2.2 Form of Payment . Payment
of a Participant’s Grandfathered Amounts under the NQDC Plans
shall be made in a lump sum or in a specified number of annual
installments, in accordance with the terms of the respective Prior
NQDC Plans and the Participant’s respective Elections
thereunder.
2.3 Time of Payment
.
(a) Except as otherwise provided by
Section 2.3(b), payment of a Participant’s Grandfathered
Amounts under the NQDC Plans shall be made in accordance with the
terms of the respective Prior NQDC Plans and the
Participant’s respective Elections thereunder.
(b) In order to reduce the
Company’s administrative expenses in maintaining the NQDC
Plans, and pursuant to the Company’s authority under the
Prior NQDC Plans, the payment of a Participant’s
Grandfathered Amounts pursuant to the terms of the respective Prior
NQDC Plans and the Participant’s respective Elections
thereunder are hereby changed as follows:
(i) If a Participant designated a
specified date as the time when his Grandfathered Amounts under a
NQDC Plan are to be paid, and another applicable payment event
under the applicable Prior NQDC Plan has not occurred as of the
specified date, then payment of the such Grandfathered Amounts
shall be made (or commence, in the case of installment payments) on
the first March 15 or September 15 following the
specified date (or if the Participant designated March 15 or
September 15 as the specified date, payment shall be made or
commence on such specified date), or as soon thereafter as
administratively feasible.
(ii) For payments of Grandfathered
Amounts as a result of a Participant’s “separation from
service,” “termination of employment” or similar
event under the Prior NQDC Plans and the Participant’s
respective Elections, payment shall be made (or commence, in the
case of installment payments) on the first March 15 or
September 15 which is at least six months following the
occurrence of such event, or as soon thereafter as administratively
feasible. Whether a Participant has a “separation from
service,” “termination of employment” or similar
event for purposes of the NQDC Plans shall be determined in
accordance with the Prior NQDC Plans and the Company’s prior
practices thereunder.
4
2.4 Changes to Time and Form of
Payment . A Participant is not allowed to change his existing
Elections under the NQDC Plans.

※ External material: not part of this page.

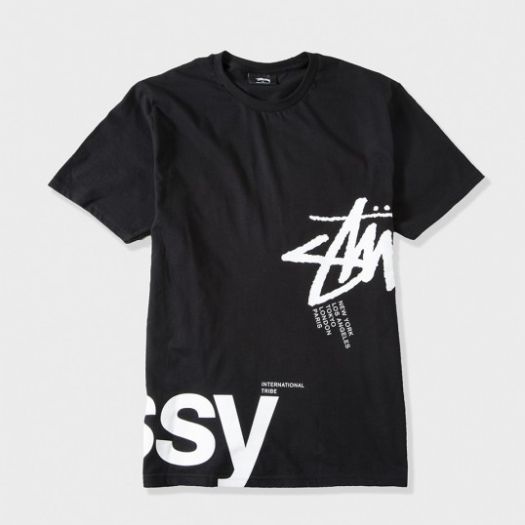 T-Shirts and shirts Stüssy Halves Tee Black (19036540001 P) | Footshop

The Company may further modify the
time and form of payment of Grandfathered Amounts under the NQDC
Plans so long as such modification would not be treated as a
Material Modification to the NQDC Plans.
2.5 Exemption from
Section 409A . The payment of the Grandfathered Amounts
under the NQDC Plans is intended to be exempt from the requirements
Section 409A as amounts that were earned and vested on or
before December 31, 2004 under an arrangement as in effect on
October 3, 2004, and this Amendment and the NQDC Plans shall
be interpreted, operated and administered consistent with this
intent.
ARTICLE 3
NON-GRANDFATHERED
AMOUNTS
3.1 Effect of this Amendment
. Except as otherwise provided by this Article 3, the
maintenance of the accounts or subaccounts for Non-Grandfathered
Amounts under the NQDC Plans and the earnings crediting thereon
shall continue to be governed by the terms of the respective Prior
NQDC Plans to the extent such treatment would not cause a violation
of Section 409A.
3.2 Specified Date Elections
. If a Participant designated a specified date as the time when his
Non-Grandfathered Amounts under a NQDC Plan are to be paid, and the
Participant has not had a Separation of Service as of the specified
date, then payment of the such Non-Grandfathered Amounts shall be
made as follows: (A) if the Participant elected a lump-sum
payment of such Non-Grandfathered Amounts, it shall be made on the
first March 15 or September 15 following the specified
date (or if the Participant designated March 15 or
September 15 as the specified date, payment shall be made on
such specified date), or as soon thereafter as administratively
feasible, but in no event later than 90 days; and (B) if the
Participant elected annual installment payments of such
Non-Grandfathered Amounts, it shall begin on the first
March 15 or September 15 following the specified date (or
if the Participant designated March 15 or September 15 as
the specified date, payment shall begin on such specified date), or
as soon thereafter as administratively feasible, but in no event
later than 90 days, and shall continue on each March 15 (or as
soon thereafter as administratively feasible, but in no event later
than 90 days) thereafter for the period selected by the
Participant. If a Participant who is to receive or has begun
receiving payments in annual installments under this
Section 3.2 experiences a Separation from Service before
having received all of the annual installments to which the
Participant is entitled, then if the Participant is Retirement
Eligible at the time of his Separation from Service, the
Participant shall receive or continue to receive the remaining
annual installment payments as scheduled, and if the Participant is
not Retirement Eligible at the time of his Separation from Service,
then the remaining installments shall be paid to the Participant in
a lump sum pursuant to Section 3.3(b).
5
3.3 Separation from Service .
If a Participant has a Separation of Service, regardless of whether
the Participant designated a later specified date as the time when
his Non-Grandfathered Amounts are to be paid, then:
(a) If a Participant is Retirement
Eligible at the time of his Separation from Service, then payment
of the Participant’s Non-Grandfathered Amounts shall be made
as follows: (A) if the Participant elected a lump-sum payment
of his Non-Grandfathered Amounts, payment of such Non-Grandfathered
Amounts shall be made on the first March 15 or
September 15 which is at least six months following the
Participant’s Separation from Service for any reason from the
Company, or as soon thereafter as administratively feasible, but in
no event later than 90 days; and (B) if the Participant
elected annual installment payments of his Non-Grandfathered
Amounts, payment of such Non-Grandfathered Amounts shall begin on
the first March 15 or September 15 which is at least six
months following the Participant’s Separation from Service
for any reason from the Company, or as soon thereafter as
administratively feasible, but in no event later than 90 days, and
shall continue on each March 15 (or as soon thereafter as
administratively feasible, but in no event later than 90 days)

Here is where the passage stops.